:: RECORDS FOR THIS TASK ::
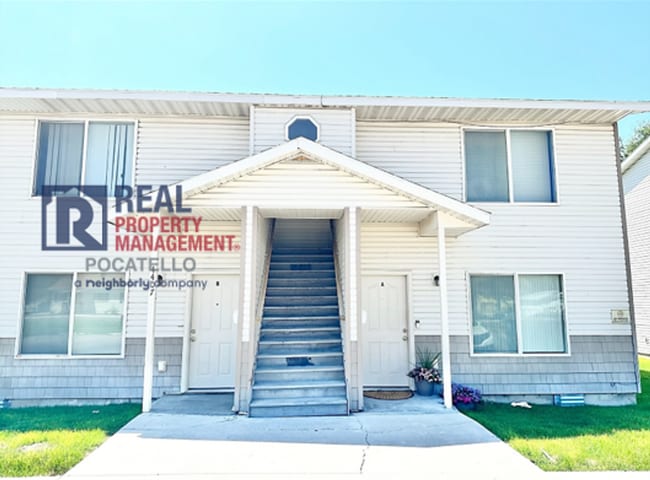 Building Photo - 4361 Opal Ave Unit B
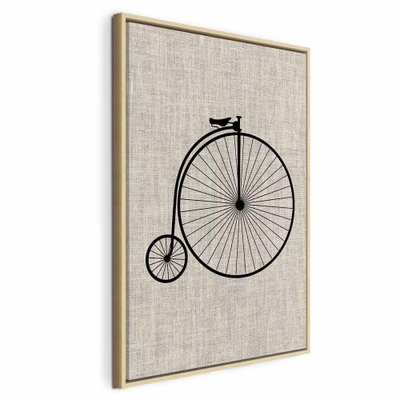 Vintage bicycle vertical – naturfärgad ram. En svart höghjuling tecknar sig mot en beige bakgrund med tryckt textilliknande struktur.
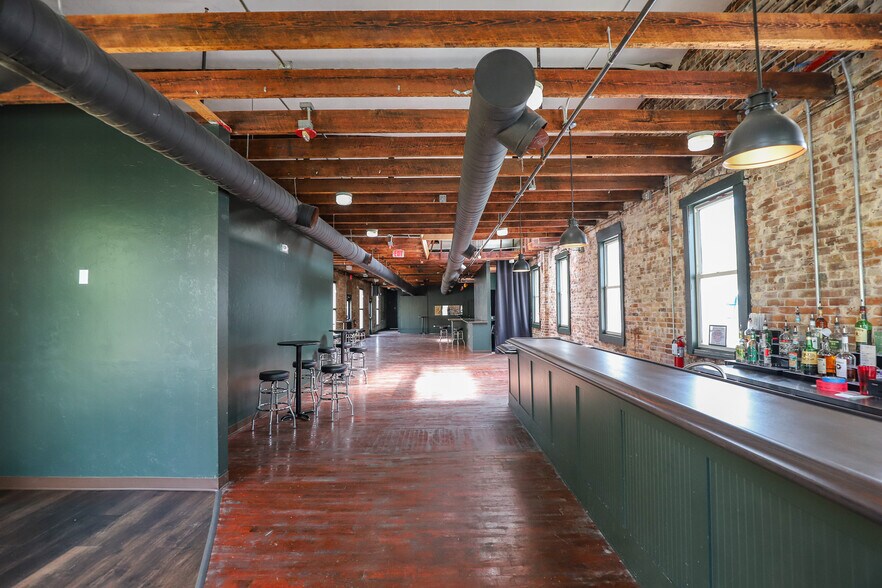 More Photos Of 109 S Main St, Gainesville Restaurant For Sale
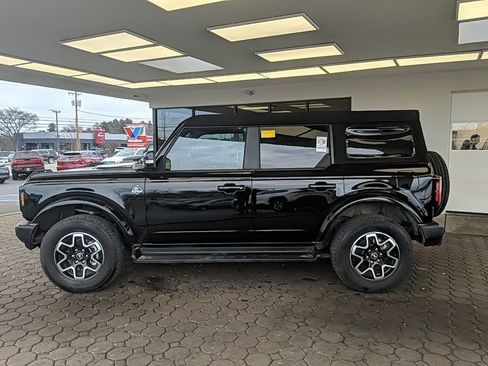 Used 2025 Ford Bronco Outer Banks image 8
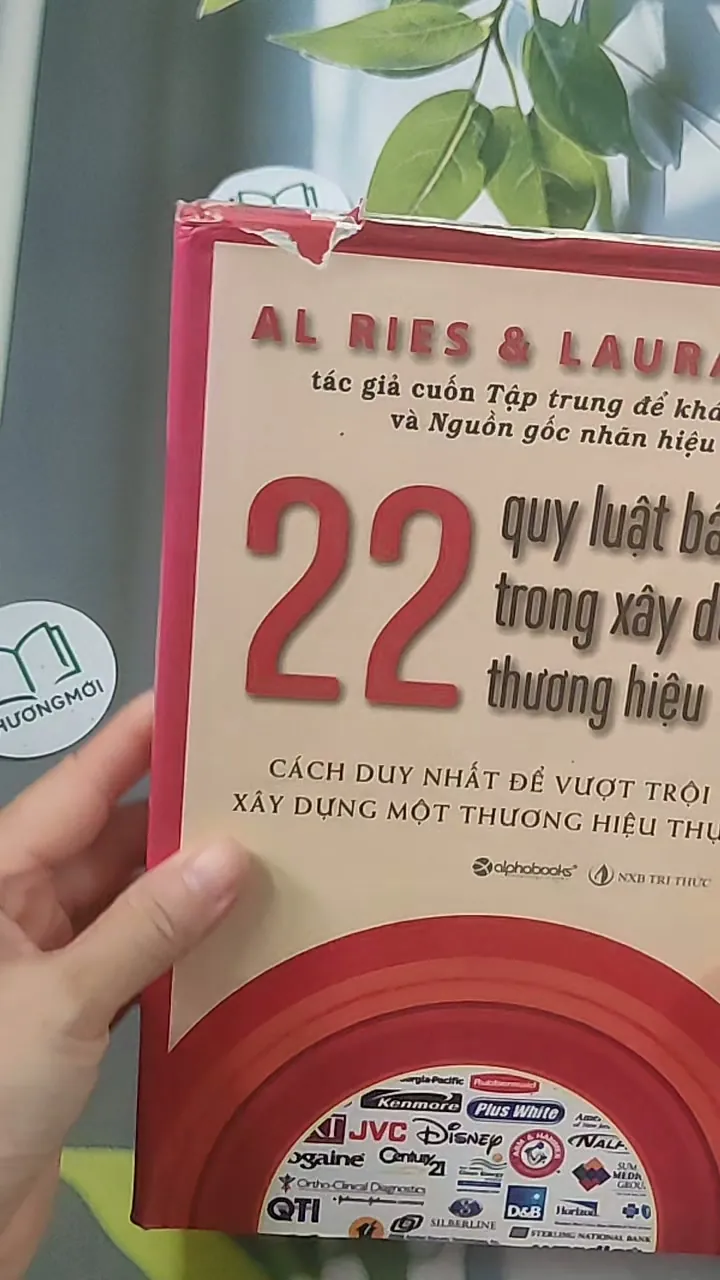 22 quy luật bất biến trong xây dựng thương hiệu - Al Ries 688427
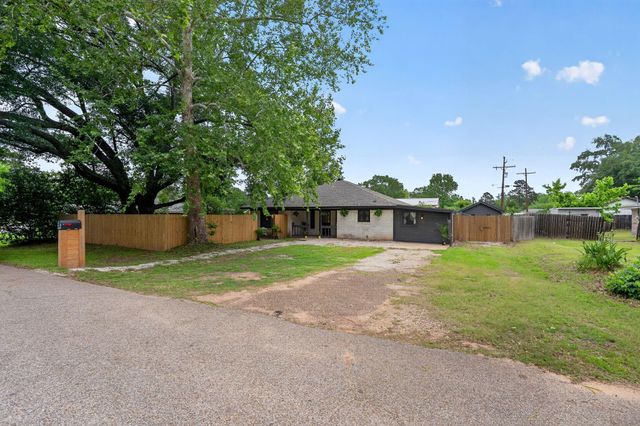 12664 Robin Lane, Willis, TX 77378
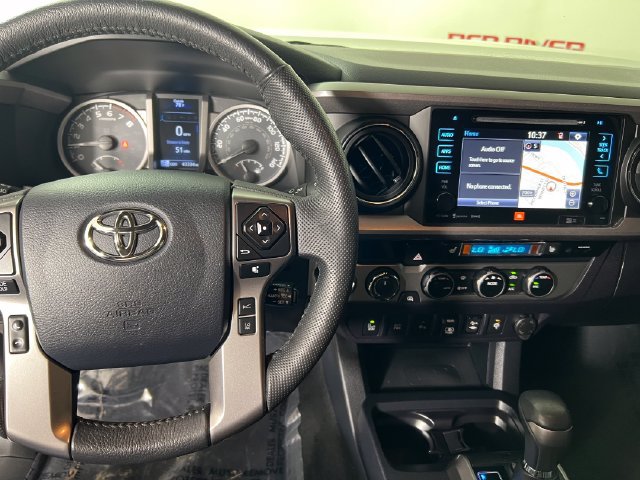 Used 2018 Toyota Tacoma Limited AWD/4WD image 17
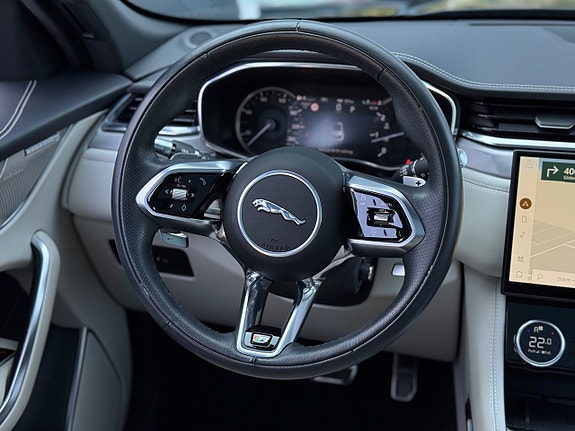 Jaguar F-PACE 12 of 16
:::
### TASK PROMPT
Begin at the line containing "Vintage bicycle vertical" and transcribe exactly every line through the end of the records, both ends included, leaving the pictures out.

### YOUR RESPONSE
 Vintage bicycle vertical – naturfärgad ram. En svart höghjuling tecknar sig mot en beige bakgrund med tryckt textilliknande struktur.
 More Photos Of 109 S Main St, Gainesville Restaurant For Sale
 Used 2025 Ford Bronco Outer Banks image 8
 22 quy luật bất biến trong xây dựng thương hiệu - Al Ries 688427
 12664 Robin Lane, Willis, TX 77378
 Used 2018 Toyota Tacoma Limited AWD/4WD image 17
 Jaguar F-PACE 12 of 16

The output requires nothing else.